Il monaco che era stato partigiano aveva capito più dei leaders politici. Infatti, rivolgendosi al sindaco di Bologna che lo aveva invitato alle cerimonie per il 25 aprile del 1994, giustificando l’assenza per ragioni di salute, commentava: “non posso non rilevare che attualmente i propositi delle destre (destre palesi ed occulte) non concernono soltanto il programma del futuro governo, ma mirerebbero ad una modificazione frettolosa e inconsulta del patto fondamentale del nostro popolo, nei suoi presupposti supremi in nessun modo modificabili” (lettera del 15 aprile). E successivamente caricava la dose: “non nascondo che le mie preoccupazioni in questo momento sono massime, e non credo di esagerare se intravedo una trappola tesa dal nuovo ordine di cose specialmente ai cattolici. Non posso dimenticare che anche l’altra volta, più di settant’anni fa, tutto è incominciato nello stesso modo: con defezioni minime, poi gradualmente crescenti, dei cattolici. Ho ancora presenti gli articoli e le cronache della Civiltà Cattolica dal ’20 al ’24, che, ancora, con un editoriale del suo direttore, il padre Rosa, cercava di scagionare dopo il delitto Matteotti la responsabilità del Regime, e preparava così all’acquiescenza al colpo di stato del 3 gennaio 1925” (lettera del 23 maggio).
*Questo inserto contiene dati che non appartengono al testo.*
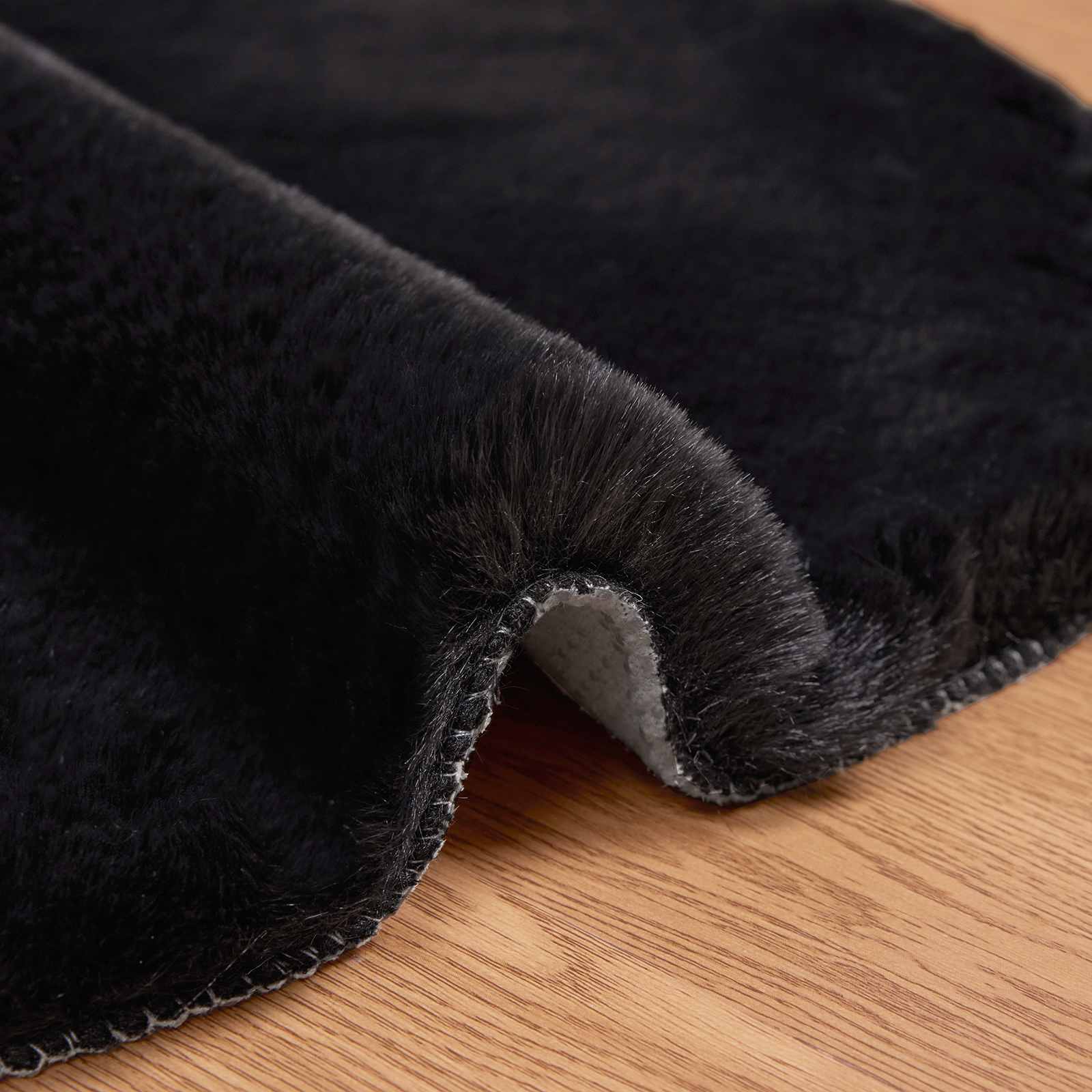 Rutschfester Teppich aus Kunstkaninchenfell OLITE Schwarz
La Bicamerale, tuttavia, paralizzò le iniziative che, spontaneamente, erano nate ovunque e i Comitati entrarono in crisi; oggi la dissolvenza sta sfociando nella ripresa e si riparte, ancora una volta, dalla società civile. Si sono collegati insieme tre coordinamenti: Astrid, Libertà e Giustizia, e i Comitati Dossetti. Sarebbe necessario che i partiti del centro-sinistra e i sindacati si affiancassero fattivamente, perché si impone un lungo lavoro di informazione che ha bisogno di tutti.
Sono disponibili, certamente, i docenti di diritto costituzionale che nella quasi totalità hanno firmato per esprimere allarme e dissenso; ma, per allargare l’interesse generale su temi che hanno sia complessità giuridica, sia grossa valenza politica, c’è bisogno di una campagna d’opinione generalizzata.
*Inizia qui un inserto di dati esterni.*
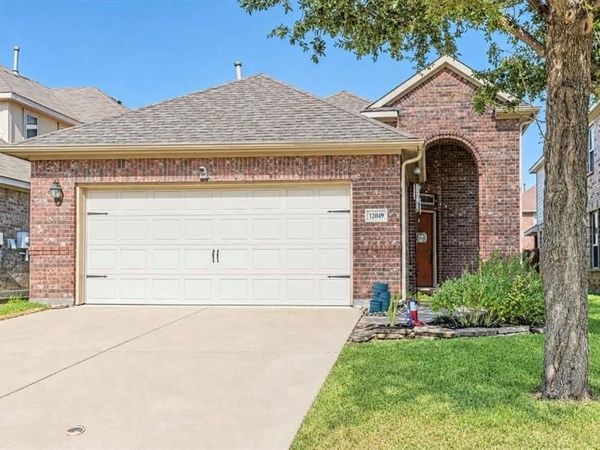 12049 Walden Wood Drive, Fort Worth, TX 76244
Della prima parte della Costituzione, quella dei principi, il Governo non prevede modifiche: i principi sono decorativi e si possono violare impunemente: la Repubblica italiana fondata sul lavoro oggi vive sulla precarietà e ha già sofferto lesioni ai diritti all’istruzione, alla salute, all’informazione.
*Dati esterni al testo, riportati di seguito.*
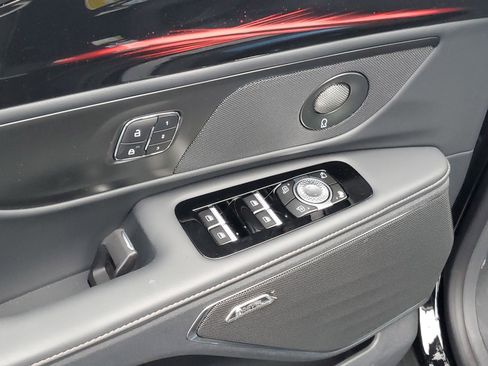 New 2026 Lincoln Nautilus Premier w/ Equipment Group 102A image 9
Non si può, dunque, transigere neppure sugli ordinamenti: la nuova Carta ci farebbe trovare con un primo ministro dotato di poteri assoluti e con un Presidente della Repubblica degradato a notaio, con una devolution fatta di scuole, sanità e ordine pubblico diverse nelle diverse regioni, con un Senato federale poco regionale e molto governativo, con una Corte Costituzionale adeguata alla volontà del governo, senza più controlli e garanzie.
Se si aggiunge la riforma già in atto dell’ordine giudiziario, dominata da interessi che nulla hanno a che spartire con il bisogno di avere un autentico “servizio della giustizia” funzionale alle esigenze del paese, si comprende il rischio che corrono i cittadini tutti. E’ importante capirlo bene fin da ora.